Le président Poutine justifie ainsi la nécessité d’une re-centralisation du pouvoir pour un contrôle renforcé du territoire russe (Kropotkine, 2005). Cette volonté du gouvernement de conquérir le territoire national afin d’y affirmer son pouvoir n’est pas une stratégie nouvelle. En Russie, la gestion du territoire constitue l’histoire du pays. En effet l’Etat russe s’est bâti en suivant les mouvements de conquête des terres, et a tenté d’imposer la domination du centre politique sur les espaces nouvellement découverts. Du pouvoir tsariste au pouvoir soviétique, la puissance russe s’est ainsi forgée sur sa capacité à contrôler l’espace et ses ressources (Mendras, 1996). Dès 1927, de nombreuses annexions sont orchestrées par l’Union soviétique sur le territoire arctique. Le chef d’Etat Joseph Staline entend alors placer l’Union des républiques socialistes soviétiques sur le devant de la scène, et donner à voir le régime soviétique comme « symbole de modernité et de domination de la nature » (Foucher, 2014, p. 79). Dans les années 1950, les explorations puis l’exploitation des gisements de gaz et de pétrole dans les régions arctiques de Sibérie, ont par la suite déclenché le développement de villes ex-nihilo dans ces régions polaires particulièrement inhospitalières de la Sibérie, mais surtout de l’Arctique ( Commission des affaires européennes sur les stratégies européennes pour l’Arctique. Sénat, 2014, p. 21). Or ces espaces sont caractérisés par les contraintes du froid et la nature particulière du sol, conditionnée par le permafrost (ou pergélisol) et la sismicité (Hou, 2014). Les contraintes naturelles induisant également des contraintes humaines,il a été nécessaire d’offrir des privilèges tels que des salaires élevés et des primes dites « Grand Nord » pour attirer la main-d’œuvre autour des sites de forage de la Sibérie arctique. Cependant la négligence du gouvernement russe concernant l’aménagement d’infrastructures sociales telles que des logements et des crèches, a découragé les travailleurs de s’établir dans le Grand Nord sibérien. Un phénomène de migration négative s’est alors enclenché.
En effet les travailleurs venaient s’installer uniquement dans le but de bénéficier des privilèges « Grand Nord ». Ainsi, après avoir accumulé un pécule conséquent, les travailleurs repartaient ensuite dans leurs régions d’origine.
Cette stratégie s’est donc avérée un échec, d’autant plus qu’ à la fin du régime soviétique, les privilèges ont été dans la plupart des cas abandonnés. Cela a de fait accéléré le retour massif de ces travailleurs du Grand Nord sibérien en Russie d’Europe, ne trouvant alors plus leur intérêt en Arctique (Radvanyi, 2013). Aujourd’hui, la Sibérie est toujours marquée par sa très faible population, d’autant plus au delà du Cercle Polaire : en 2011, l’ensemble de la Sibérie – soit plus des trois quarts du territoire russe – compterait près de 38 millions d’habitants soit seulement 28% de la population russe, et présenterait une densité très faible soit environ trois habitants au kilomètre carré . Bien que les gisements d’hydrocarbures présents dans les régions situées à l’extrême nord de la Sibérie aient été les premiers découverts, et qu’ils soient aujourd’hui parmi les plus importants, les conditions de vie extrêmes qu’imposent les régions arctiques n’attirent pas la population à s’y installer. C’est donc notamment du fait d’un cruel manque de main-d’œuvre sur place que les activités d’extraction d’hydrocarbures y sont aujourd’hui si peu développées.

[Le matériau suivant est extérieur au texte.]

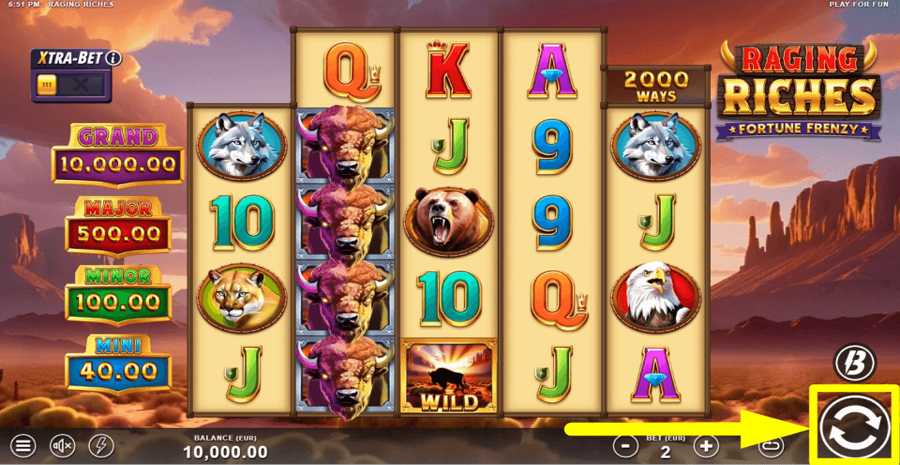 Raging Riches Fortune Frenzy Spin Button
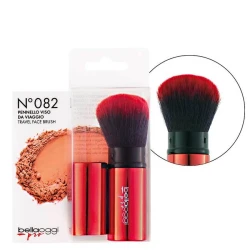 BellaOggi Pro Travel Face Brush N°082, Soft Synthetic Bristles, For Powder, Blush, and Foundation Application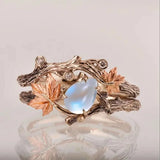 Elegant Gold Moonstone Maple Leaf Ring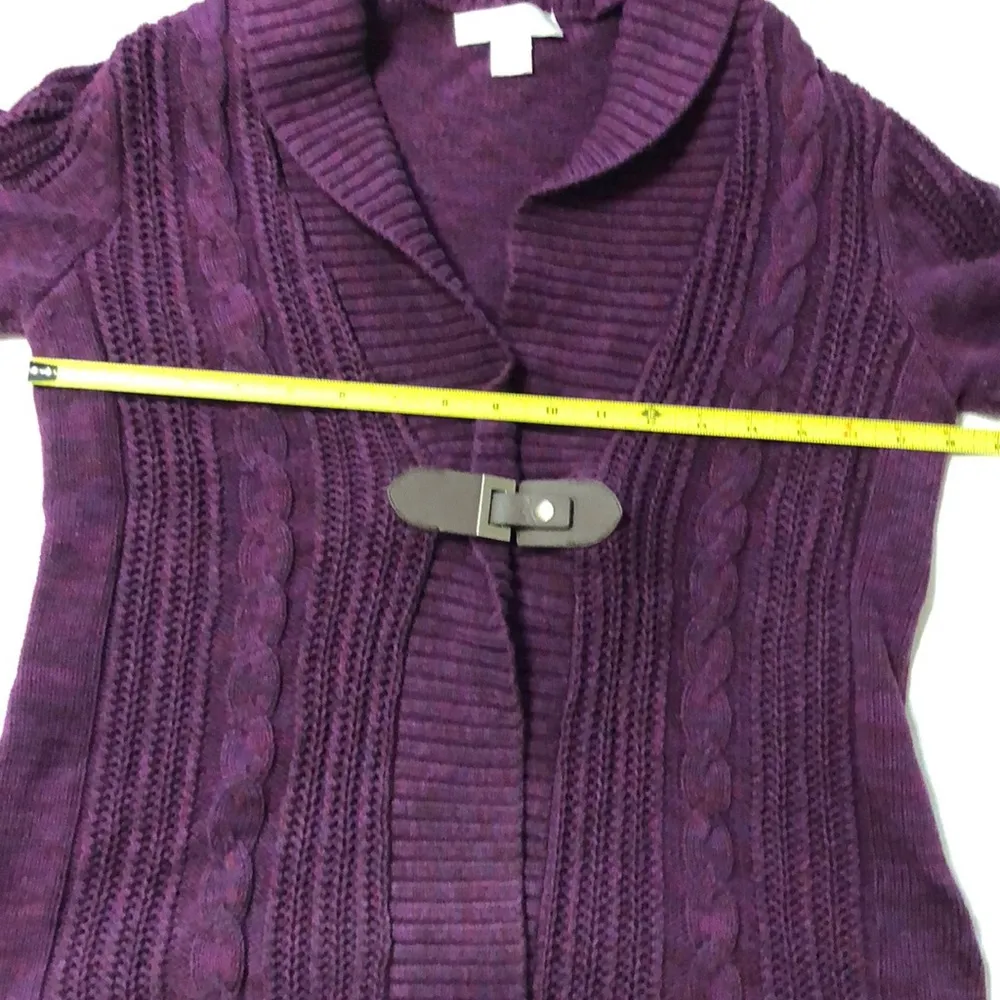 Christopher & Banks Purple Bucket Front Cardigan S - Image 7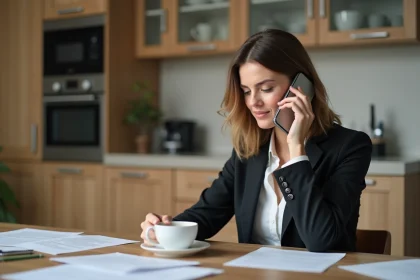 Femme en blazer concentrée au téléphone dans la cuisine moderne
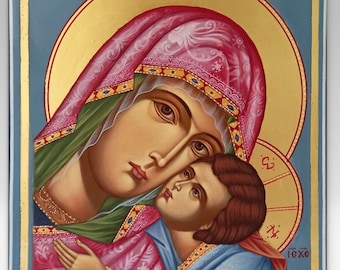 Virgin Mary icon/Original Hand painted Theotokos with Jesus Greek Byzantine Orthodox Icon/Home altar icon/unique Christian wedding gift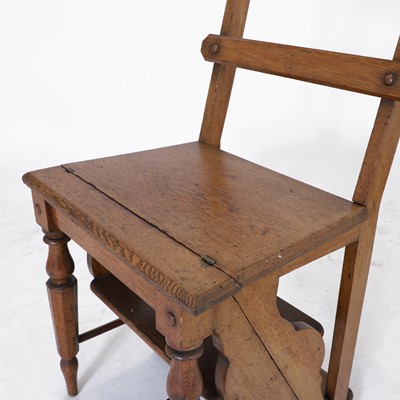 Lot 46 - A set of Victorian oak metamorphic library steps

La fragilité des espaces arctiques

Les territoires du Grand Nord sibérien sont de surcroît particulièrement vulnérables voire dangereux. Cela est par exemple le cas dans l’okrugautonome de Iamalo-Nénétsie qui regorge de réserves de gaz naturel considérables, mais dont la localisation géographique et les conditions climatiques sont particulièrement extrêmes. En effet le permafrost riche en glace qui y est généralisé est vulnérable à l’érosion thermokarstique. Des trous, des effondrements locaux ainsi que des ravins sont alors susceptibles d’être crées, C’est la raison pour laquelle les compagnies gazières sont réticentes à investir dans le développement d’opérations d’extraction sur ce sol. Elle considèrent ces territoires comme étant incertains et instables, à des fins d’ingénierie et de développement d’infrastructures telles que des routes, des ponts et des pipelines (Nelson et al., 2001, cités par Kumpula, Forbes, Stammler, 2010, p. 168). Le réchauffement climatique, d’autant plus manifeste au-delà du Cercle Polaire, exacerbe aujourd’hui cette érosion thermokarstique. Toutefois ce phénomène d’érosion n’est pas nouveau, il se développe en réalité depuis les années 1960, alors qu’étaient entreprises les premières explorations de gisements d’hydrocarbures dans les régions polaires de Sibérie comme dans le YNAO et le NAO. Les études géologiques menées à travers la toundra, pour recenser les gisements de pétrole et de gaz, sont alors effectuées à l’aide d’un lourd dispositif de forage laissant de fait des empreintes nettes et définitives sur le permafrost (Forbes et al., 2001, cités par Kumpula, Forbes, Stammler, 2010, p. 166). En outre, si les opérations de forage entreprises dans les zones boréales et les zones subarctiques ont bénéficié d’un accès facilité, grâce aux routes et aux voies ferrées existantes au sud, les relevés et les opérations de forage réalisées plus au nord, au-delà du Cercle Polaire, ont elles exigé un volume faramineux en nouvelles infrastructures, incluant la création de pipelines, l’aménagement de routes et de réseaux ferroviaires. L’ensemble de ces opérations de forage et d’aménagements d’infrastructures a ainsi déclenché une forte érosion thermokarstique, fragilisant ainsi la stabilité du sous-sol de ces régions arctiques, et ce dès les années 1960 (Kumpula, Forbes, Stammler, 2010, p. 166).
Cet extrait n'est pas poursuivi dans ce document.